In early 2023, we were fortunate to receive a grant from the ARDC, to support a two year program of FreeDV development. This post in an excerpt from our grant application that describes the project plan we are now busy executing.



I have a background in project planning, so with the FreeDV Project Leadership team (PLT) designed the plan in work package form, much as I would plan a commercial project.

The work package breakdown is provided below, however we expect this will evolve over the course of the project. The grant funding will be directed by the FreeDV PLT to best accomplish our mission of creating great free software and hardware for digital voice communication over HF radio.

WP1000 Project Management. Budget at 10% of project. Coordinate resources, hiring a DSP engineer, and communication with stakeholders.  Evaluate progress against the plan, revise plan as project evolves.

WP2000 Codec 2 Improvement.  In this WP we will attempt to improve the speech quality of two Codec 2 modes, at a low (around 700 bit/s) and moderate (1200-2400) bit/s rate. Establish requirements for Codec 2 (bit rate, voice quality, background noise robustness, CPU load). The most promising areas are spectral quantisation and a better excitation model.  Develop algorithms for handling background noise.

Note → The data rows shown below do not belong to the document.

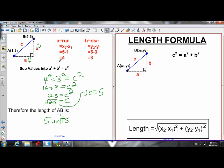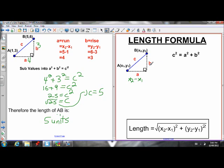Now let's derive a generalized formula so we don't have to go through all those steps every time. If we have point A at X1, Y1 and point B at X2, Y2, the length of A is the run — X2 minus X1 — and the length of B is the rise — Y2 minus Y1. We can plug those in for A and B in Pythagorean theorem.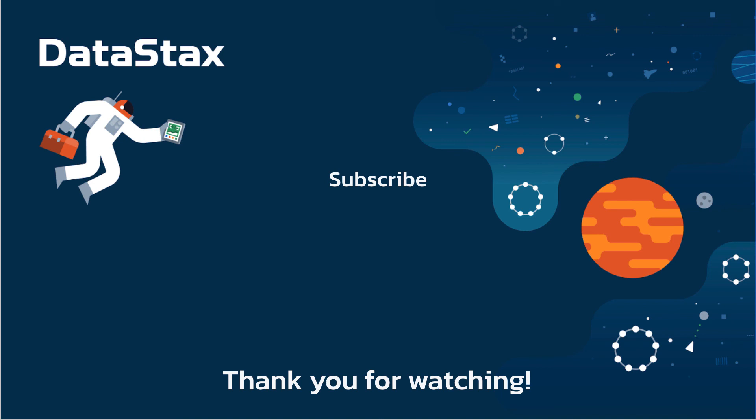If you have any questions or feedback, you can leave a comment below or email us at pulsarquestions@datastax.com. That will go to the Pulsar team here at Datastax. We hope to hear from you.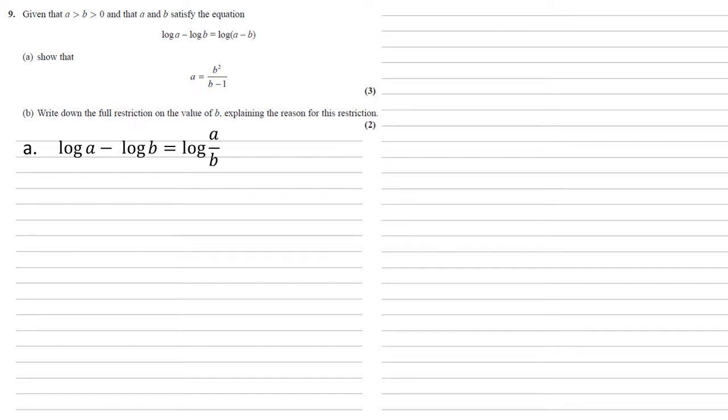So we know from our log identities that log a minus log b equals log a over b, therefore log a over b must also be equal to log a minus b.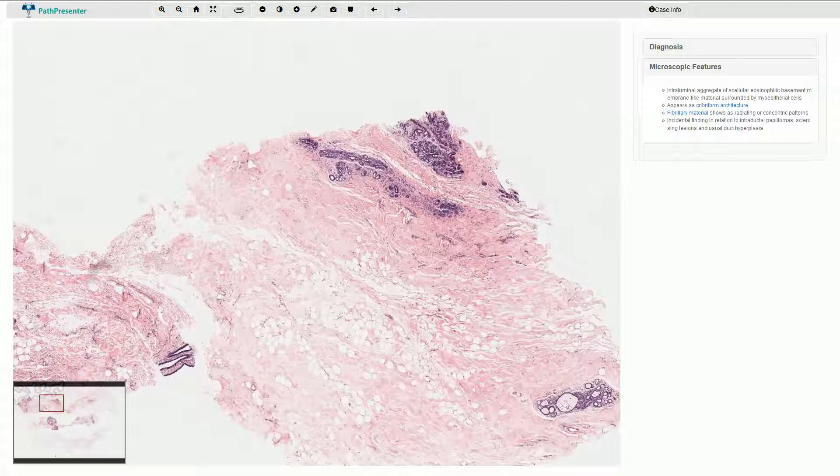Again here we have some duct dilation. So this is collagenous spherulosis. Thanks for watching.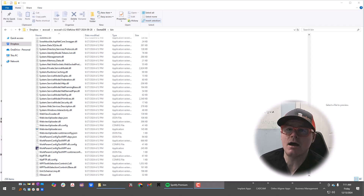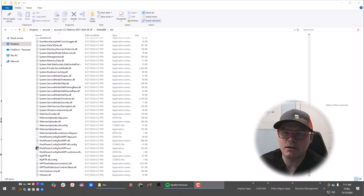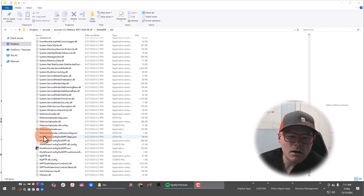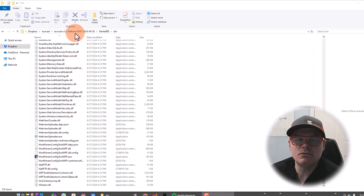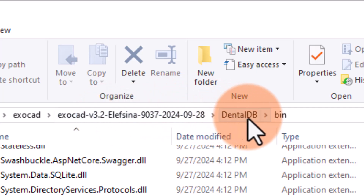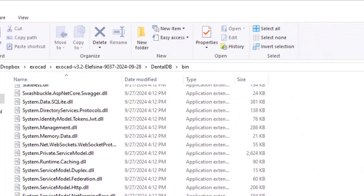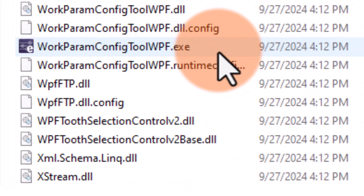When we use the AI crown workflow, we really don't have to put in any additional settings whatsoever — it's just click and let ExoCad do everything as we tell it to. The way that we find the work parameters configuration tool is to go into your ExoCad folder. It is in the dental DB folder, slash bin, and the name of the file is work param config tool WPF.exe.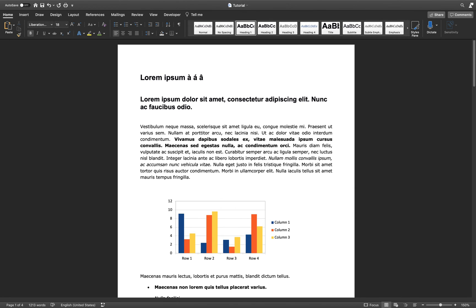And lastly, to get the tilde symbol as an accent, use the shortcut Ctrl, tilde and then the letter.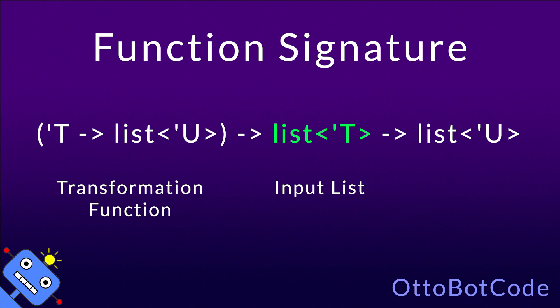And finally, the output of list.collect is the output list. It contains all of the transformed values, as we have seen.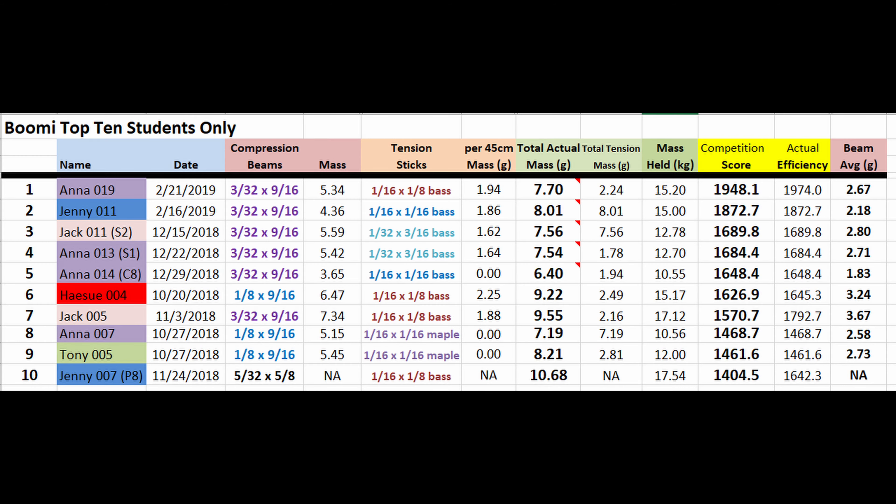My final overall advice is to have fun with this event. Build with other teammates if possible to learn from and to feed off each other's successes. We like to keep a top 10 list posted on the wall to encourage friendly competition and bragging rights.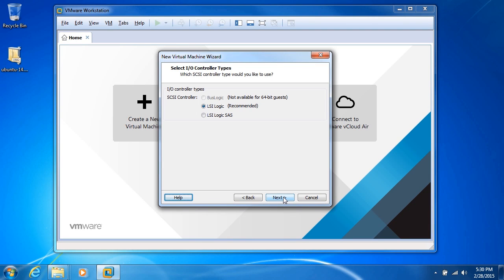Now here we have SCSI controller types, and the recommended is LSI Logic. But if you need to change that for whatever reason, you can go ahead and use SAS for LSI Logic, or BusLogic if you're using a 32-bit guest. As you can see, it's not available for 64-bit guests. Click next.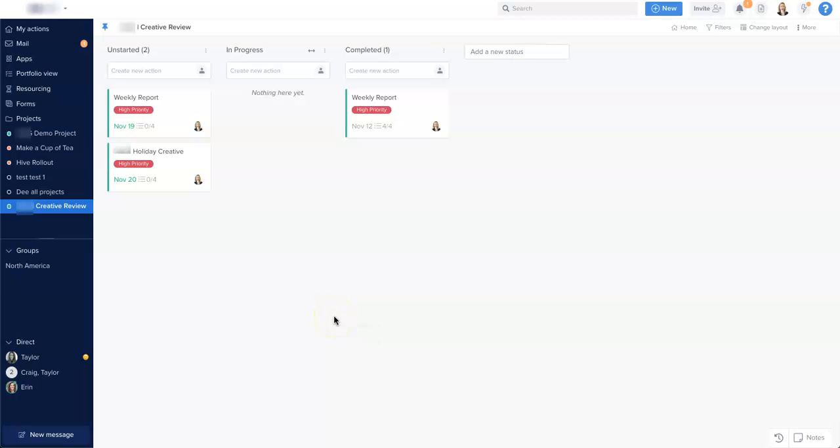In this video, we will review how to create an action card and add all the necessary information to that card. So first, we want to locate the project that we want to create the action within, and while we...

The moderate bit rate modes in Codec 2 (above 700 bits/s) have not been actively developed for many years, so there is likely some low hanging fruit here.  Progress in this WP will be measured by conducting tests using speech samples processed with the revised modes and SSB/commercial codecs as references.

WP3000 Rag chew mode.  A waveform for HF digital voice will be designed to use the new 1200-2400 bits/s mode from WP2000. Waveform design involves designing the modem, FEC code selection, and implementation.  The new waveform will be supported by automated tests, and integrated into libcodec2 and freedv-gui for use over the air.  A option for a high quality mode is to employ the neural speech coding (as per the experimental FreeDV 2020 modes). 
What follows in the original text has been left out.